Which of the Following Statements is Correct of Big Data?
Which of the following statements comes closest to the one you ask yourself when thinking about big data analytics? It analyzes customer wants based on their geographical proximity to your store. It focuses on knowing the general behavior of your target market. It evaluates customer preferences based on purchasing behavior, time-frame or cost. In the end, it predicts how those behaviors will evolve in the future.
Of course, this last statement is a prediction, but not always. If you had the resources and the manpower required, you could use behavioral and chronological data analysis to give you an idea of what kind of sales will slow down or increase over time. You could even take a sample of your customers’ shopping habits, identify which of them behaved differently over time, then use all the trends that emerged to forecast what kind of activities are likely to take place in the next six months or year. If your sales predictions include a measure of customer likelihood of being dissatisfied with the way you treat them, you have a problem.

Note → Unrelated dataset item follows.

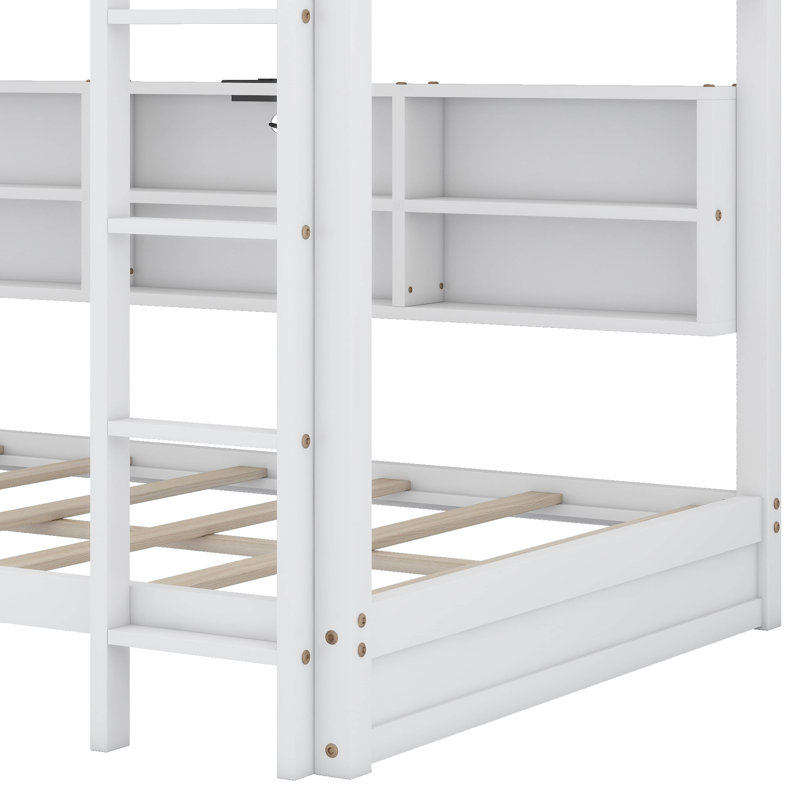 Queen Over Queen Bunk Bed With Storage Cabinets, White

However, even the best predictive models can be wrong. There are inherent limitations in data analytics. For example, if your data only covers the people who can access your site at some specific times, you cannot use location-based processing and expect to reach true predictive results. Likewise, big data analytics will fail your mission if you cannot integrate your data with yours. For example, if your sales process does not involve customer acquisition, you will have no way of knowing whether or not they are buying. If you cannot get close enough to the customer for customer acquisition, you cannot provide them the value that they want or need.

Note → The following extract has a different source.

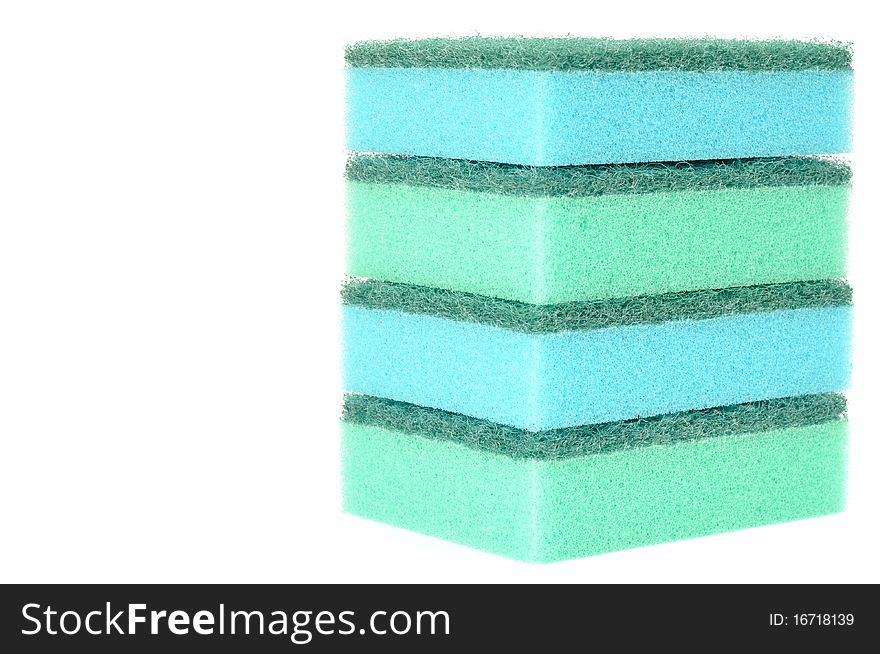 Dish sponges, isolated on a white background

So, which of the following statements is true of big data analytics? Big data analytics is absolutely true. If you can integrate it with your sales process you will reach true predictive results. If you cannot, you are wasting your time.
There is no single solution to every business problem. Most problems have multiple solutions. Big data allows businesses to extend their reach by identifying business problems that have multiple causes and developing a unified solution that addresses each of those problems. Today’s data mining capabilities allow businesses to mine customers’ data to uncover not only purchasing trends but also behavioral and environmental patterns that may impact customers’ satisfaction with the services you offer.

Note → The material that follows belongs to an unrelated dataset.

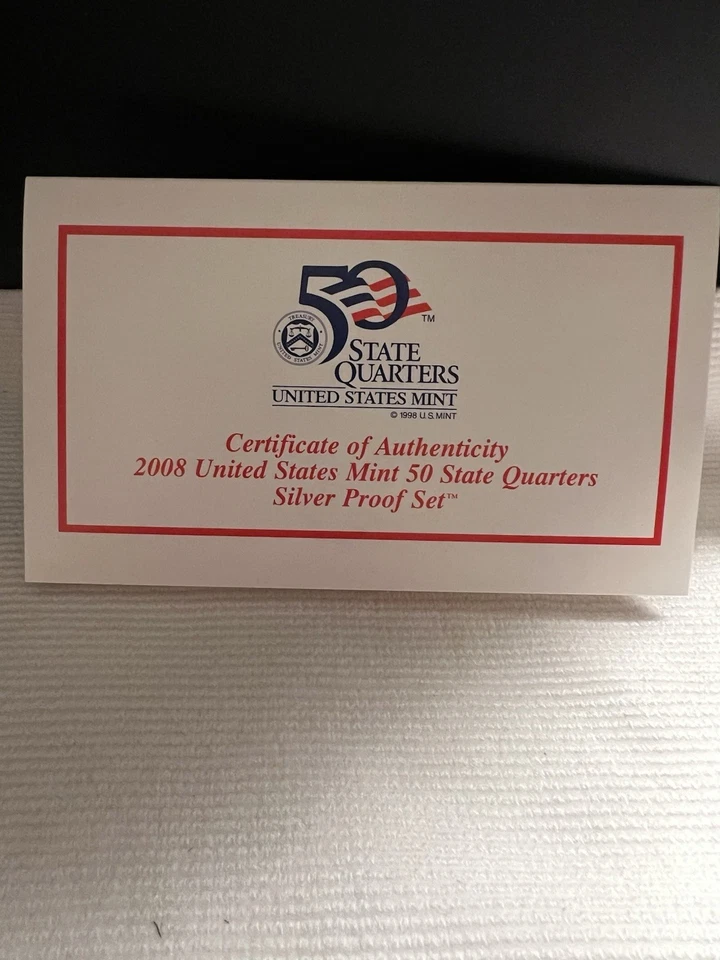 2008 S State Quarter Proof Set (5 coins) 90% Silver - MINT OGP & COA - Image 4 of 4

Even if your business is not experiencing a growth, there is still potential for big data analytics to provide excellent results. You may not yet be seeing results from data mined from social networks, but if you focus on areas such as marketing efforts, customer segmentation, or even geographic targeting, you will eventually optimize for areas where your customers are grouped. As you learn more about customers and how they make buying decisions, you can tailor your product or service to better serve your customers. This will result in better conversions, which improve your profit margin. Eventually, you may see a shift in which of the following statements is true of big data?
In order for analytics to be truly effective, data must be processed quickly and efficiently. This requires businesses to partner with data-intensive technology. In the past, many organizations invested in traditional computing technologies such as hard disks and processors. However, now many smaller companies are deploying mobile computing, cloud computing, and other innovative approaches to make their data processing as efficient as possible.
Big data continues to play an important role in business decision making. You may have questions about the accuracy of some of the data sets that are being used by your competitors or by the government. No matter what type of business you are involved in, whether retail, consumer packaged goods, or healthcare, big data analytics can help you become a better decision maker. As you implement it more fully into your organization, you will be able to reap the rewards of using this powerful analytical tool and improve your bottom line.